- Opening Delimiter -

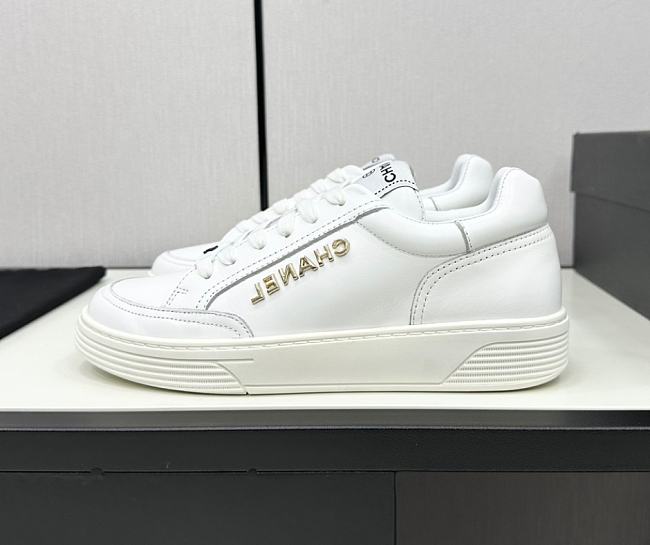 Chanel White Leather Low Top Sneakers - 1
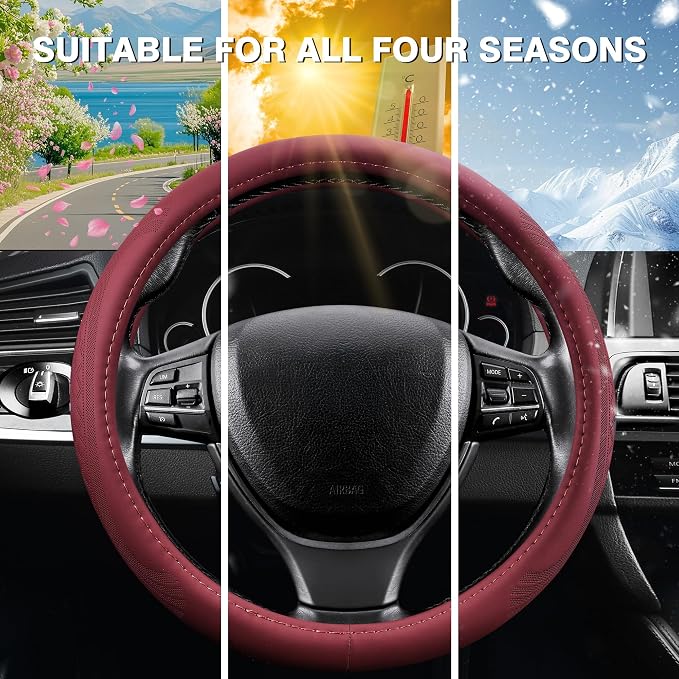 【2025 Model】 Breathable Soft Leather Car Steering Wheel Cover - Image 6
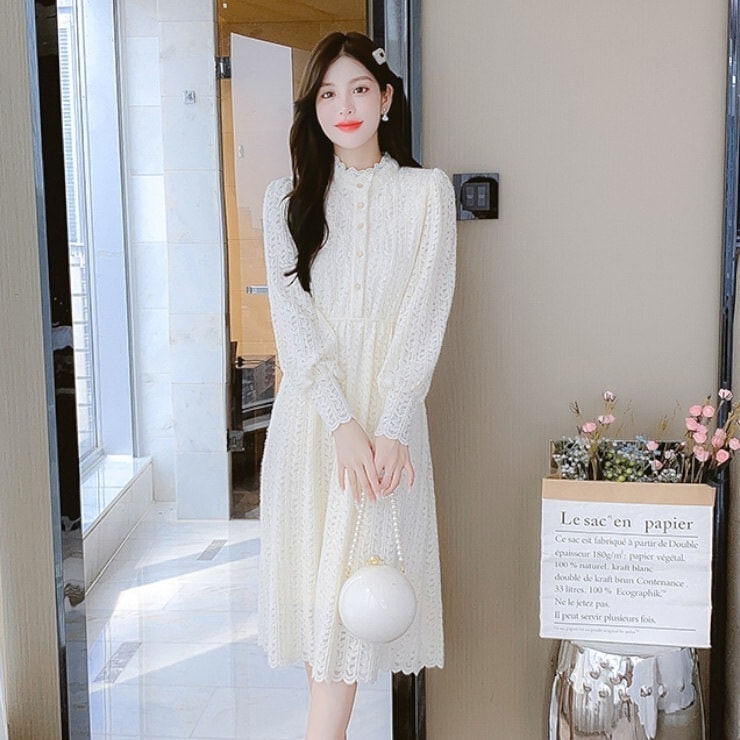 ドレス レディース ワンピース スカート ロングスカート フレアスカート フレアワンピース ワンピドレス 膝下 ミモレ ミモレ丈 ミディアム丈 長袖 襟なし フレア Aライン 細身 レース 刺繍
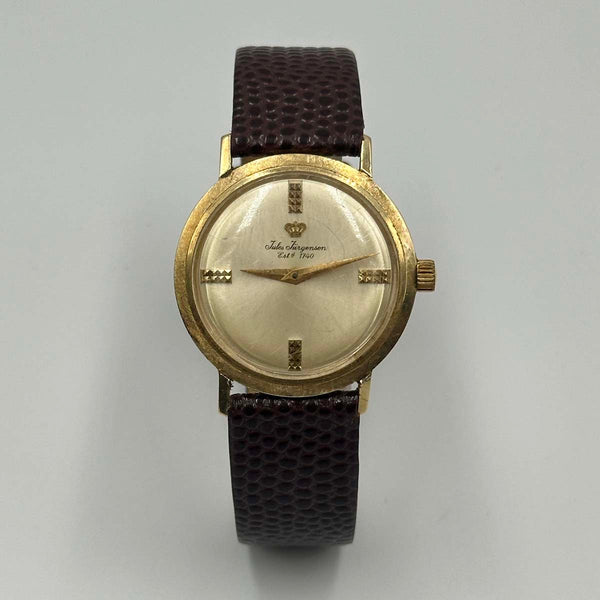 Vintage Jules Jurgensen 14k Yellow Gold Dress Watch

- Closing Delimiter -

» **What you need to do**
The material above is to be transcribed exactly, with all pictures omitted.

» **Final answer**
 Chanel White Leather Low Top Sneakers - 1
 【2025 Model】 Breathable Soft Leather Car Steering Wheel Cover - Image 6
 ドレス レディース ワンピース スカート ロングスカート フレアスカート フレアワンピース ワンピドレス 膝下 ミモレ ミモレ丈 ミディアム丈 長袖 襟なし フレア Aライン 細身 レース 刺繍
 Vintage Jules Jurgensen 14k Yellow Gold Dress Watch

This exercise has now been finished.